Handling Medieval Meat

I hope all is well! What’s new with you? 

I’m in Paris this week on a short trip, it’s been a long time since I grabbed hold of a baguette with both hands. 

By the way, it is "Paris" with an 'S', not “Pari”. Affected pronunciations are not the done thing. The same would apply to "chorizo" in Spanish or rolling your 'R's in "mozzarella" in Italian. Doing so is fundamentally common. 

I’m not alone in this pronunciation pet peeve it turns out! There was broad agreement among us all about my and Jordan’s guest appearance on Dish a fortnight ago.

Medieval meat: habits and history

Nowadays, as you may have seen here, removing some gristle off your meat and discarding it with decorum is what we want and expect in 21st-century dining, but how was it back in the days of banquets and feasts in castles? How similar is modern dining to medieval dining?

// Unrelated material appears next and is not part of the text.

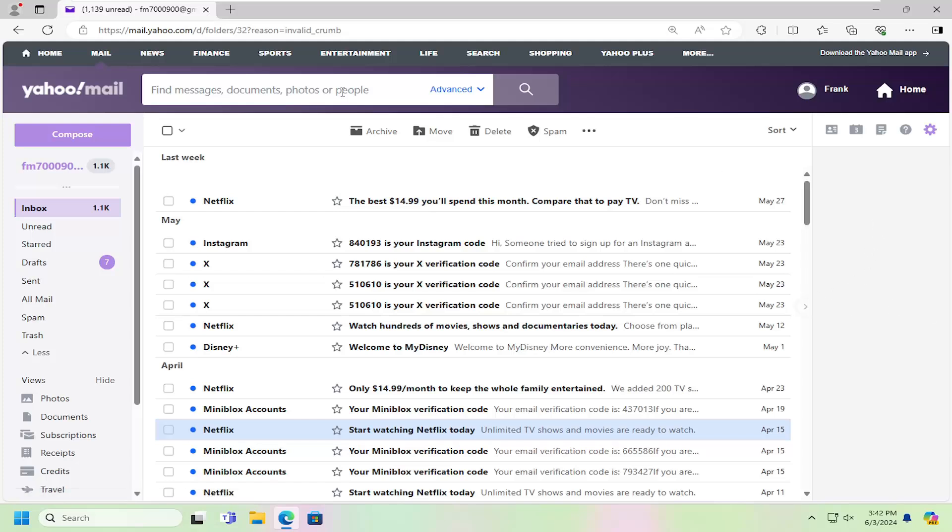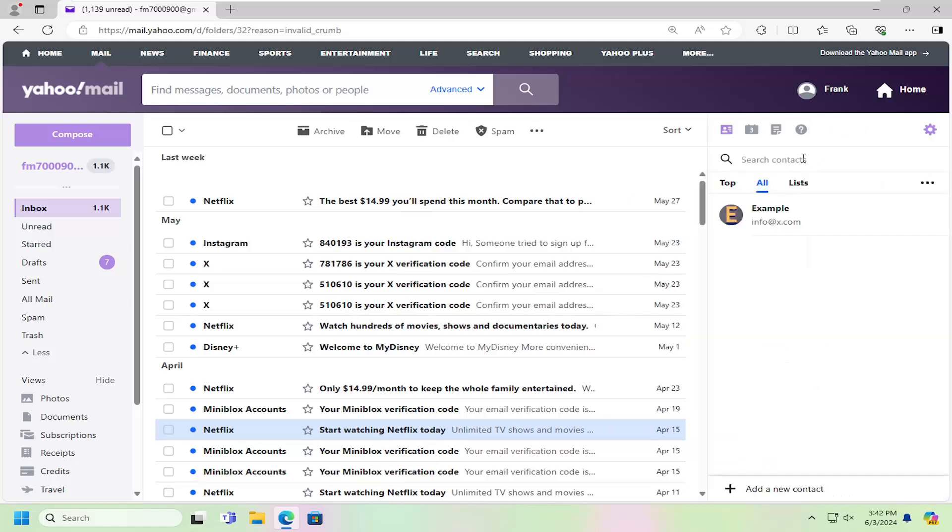The first thing you want to do is open up Yahoo Mail and select the little identification card icon that says contacts when you hover over it. Go ahead and left click on that.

Christmas feast in the Middle Ages

Dispelling modern myths

Like the painting above, the words medieval and banquet conjure up images of gout-ridden kings who ate meat and rich food all day long for their own greed while the peasants beyond the castle frontiers starved. 

Bioarcheologists and historians publishing in Anglo-Saxon England found when reading compilations of food lists that,

The scale and proportions of these food lists strongly suggests that they were provisions for occasional grand feasts, and not general food supplies sustaining royal households on a daily basis. These were not blueprints for everyday elite diets as historians have assumed.
— Tom Lambert, Sidney Sussex College

Having said that, it is generally true that the rich ate better, but only a bit later on. Once the Black Death wiped out a third of the European population in the 14th century, the food supply became rapidly abundant with fewer mouths to feed, only then did monarchs eat like kings

No wonder Henry VIII piled on the girth.

Pieter Claesz: Still Life with Peacock Pie, 1627

The takeaway tavern?

Even in bustling towns and cities, not everyone had the luxury of a home-cooked meal. Enter the medieval takeaway. Public kitchens dished out warm meals to hungry travellers and locals alike, a precursor to our modern fast-food joints. Compared to the quality of them, a medieval munch does not sound all too bad.

Medieval manners

You may have heard me say that you never cut into bread with a knife because bread is broken with the hands. Centuries ago, you would use your personal knife (the knife you used for living and killing animals etc) for meat only, keeping the bread free of blood. 

Upon entry to a feast, your personal knife was sharpened against a whetstone, hence the saying to whet one’s appetite!

A medieval banquet, complete with peacock, mid-15th century.

I'm overwhelmed with the enthusiasm and support you have shown for my upcoming book! So once again, thank you.